Si tratta piuttosto di seguire con l’occhio gli accadimenti della prima e della seconda Repubblica italiana, di analizzare nella loro inesauribile complessità i contesti ed i loro mutamenti nei quali gli abusi di potere vengono denunciati oppure normalizzati, vederne i costrutti mediatici che li accompagnano, la produzione legislativa e le pratiche giudiziarie, gli assetti geopolitici e le fasi del capitalismo, le relazioni con la società civile. Non per perderci in dispersivi rivoli teorici, ma per fare in modo che i nostri “sì” e i nostri “no” siano gridati con ferma e lucida consapevolezza.
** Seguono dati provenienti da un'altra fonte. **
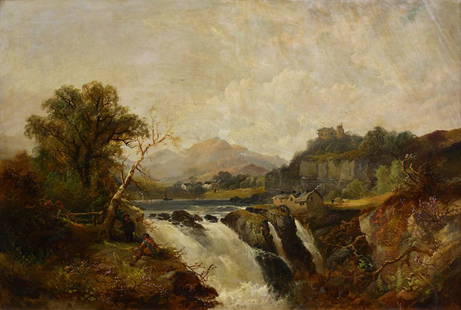 Painting, George William Horlor: George William Horlor (British, 1823-1895), Untitled (Landscape Lake Scene with Figures and Waterfall), canvas: 29"h x 42"w, overall (with frame): 36.5"h x 49.5"w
Da qui proviene il nostro dissenso indignato alla festa della Polizia di Stato che si terrà a Ferrara dedicata a Federico Aldrovandi: non è battendo questa scorciatoia mediatica che si ricostruisce la delicata relazione tra una cittadinanza ferita e la Polizia di Stato che non si è ancora assunto le proprie responsabilità pubbliche, tanto più nella attuale moltiplicazione agghiacciante di vicende come queste.

A che pro tutto questo? Perché è ancora tutto in gioco, perché a coloro cui lasceremo questo mondo sia data la possibilità umana della giustizia, perché siamo responsabili di ciò che viene ad essere e di ciò che potrebbe essere e non sarà: allora muoviamo tutto il nostro impegno e desiderio affinché un altro mondo sia possibile, fin da ora!